The Data Sources


TriNetX is a commercial company that in conjunction with Stony Brook Medicine supports queries for cohort discovery and basic questions around COVID-19. This platform supports an elegant interactive interface that  allows anyone with a Stony Brook Medicine account to interrogate the COVID-19 patient data in a way that requires no IRB approval to view, as the data is de-identified. The data can be downloaded in a de-identified form as well, which requires acknowledgement by the IRB, and the identified data can be obtained with IRB approval. The TriNetX data is very good and closely approximates the information in the Data Commons; however, it is not as carefully curated and does not contain all the same elements.
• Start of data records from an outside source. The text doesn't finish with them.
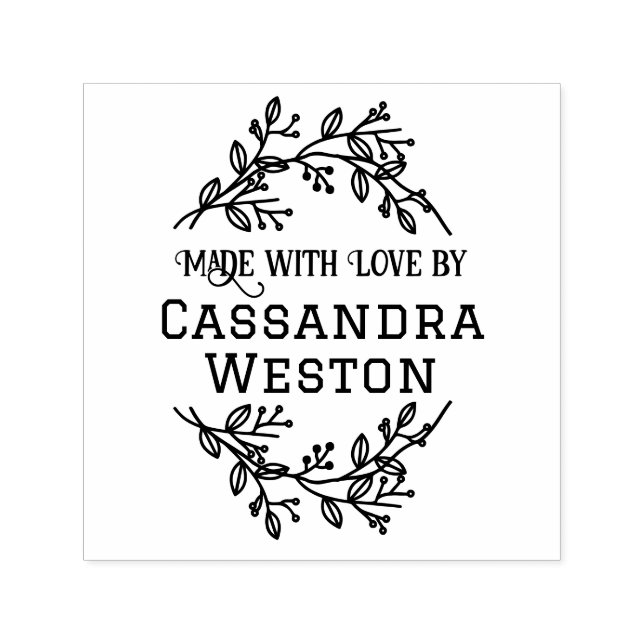 Tampon Auto-encreur Baies De Serres Botaniques "Fabriquées Avec Amour  (Design)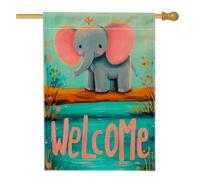 Drapeau de jardin éléphant de bienvenue, bannière colorée pour décoration d'intérieur, décoration de pelouse extérieure en toile de jute double face, drapeau de cour de fête de printemps et d'été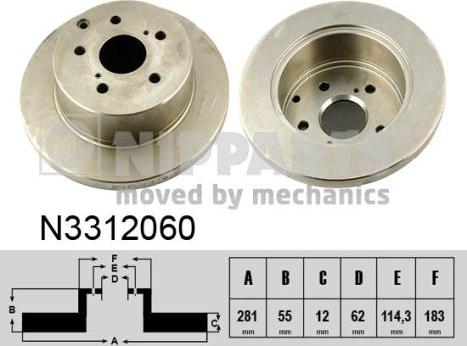 Nipparts N3312060 - Kočioni disk www.molydon.hr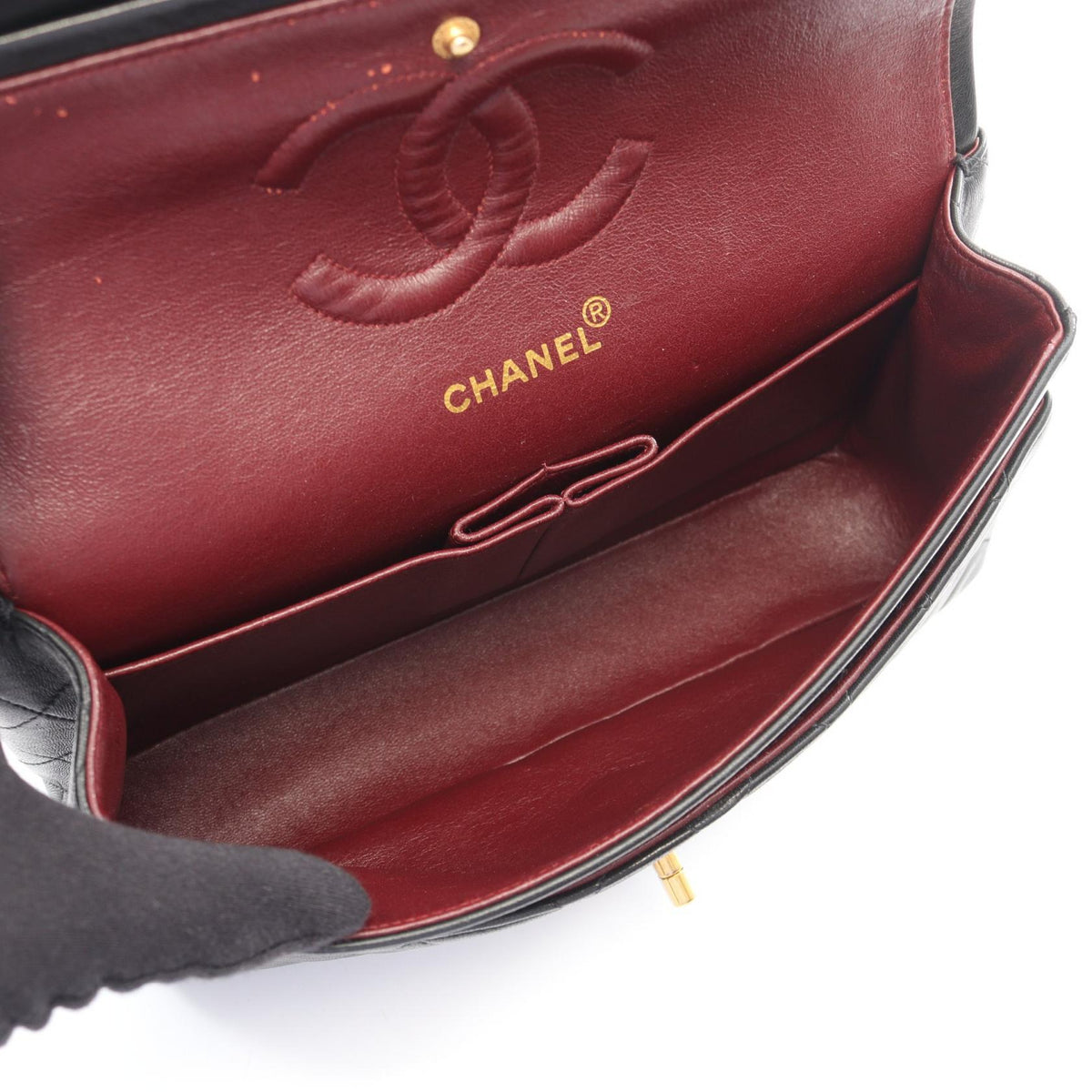CHANEL Black Matelasse W flap Lambskin (sheep leather) A01112 2118300094013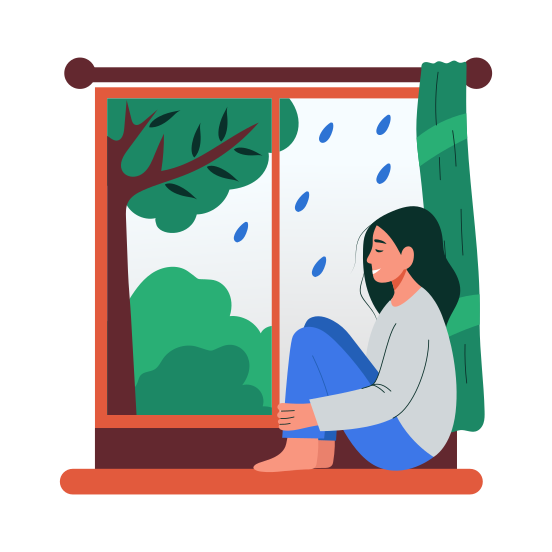 Raining Window, Rainy Weather, Enjoying, Leisure, Springtime illustration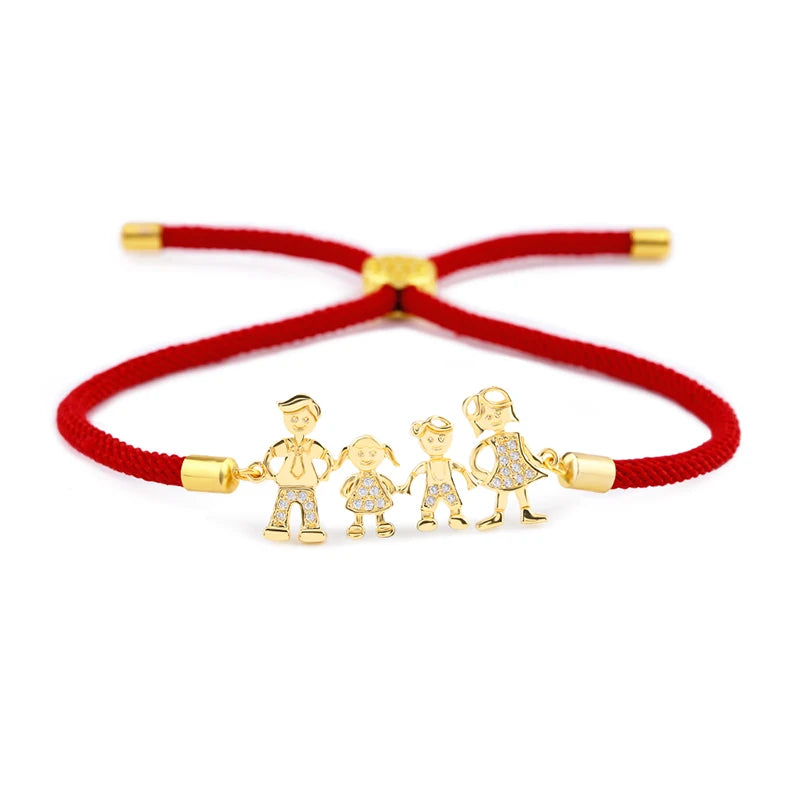 FLOLA Family Black Rope Gold Plated Bracelets Dad Mum Boy Bracelet Kid Adjustable Black String Bracelet Pulseiras Famila Brtb07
While very useful, TriNetX data does not supplant the need for the Data Commons.
Learn more about TriNetX, including training information, access and FAQs.

Data Commons

COVID-19 ImageTo aid researchers in a quick and reliable interrogation of the COVID-19 patient cohort, the Data Commons contains a very well curated edited set of more than 1,700 data elements selected for clinical relevance in this population. The available information includes pertinent hand-abstracted information as well as validated electronic health  data (EHR) and covers a range of potential clinical topics -- for example such things as demographics including ethnicity, clinical presentation , co-morbidities, anticoagulation status, acute kidney injury, mechanical ventilation to name a few of the almost 2000 available variables.  This resource is available  to Stony Brook faculty and staff, after gaining DAC approval, for quality initiatives as well as for research. This data set is growing as the team in Biomedical Informatics works with research groups to identify and vet additional data elements.  For example the information is currently being augmented with culture data integrated from SunQuest, the Pathology information system, currently not integrated with Cerner Millenium, our Stony Brook EHR.

To accelerate the pace of research associated with the Stony Brook Medicine COVID-19 Data Commons, an internal, secure website ( at quickly exploring the data has been developed. Approved researchers can easily select cohorts by filtering from more than 2,000 criteria, or bring their own cohort by cross referencing a list of medical record numbers. Researchers can rapidly analyze relationships between up to four variables at a time with built-in graphing tools, or select a broader complement of information for more sophisticated analysis offline. The Stony Brook Medicine COVID-19 dashboard tools will also soon be deployed in the National COVID Cohort Collaborative (N3C).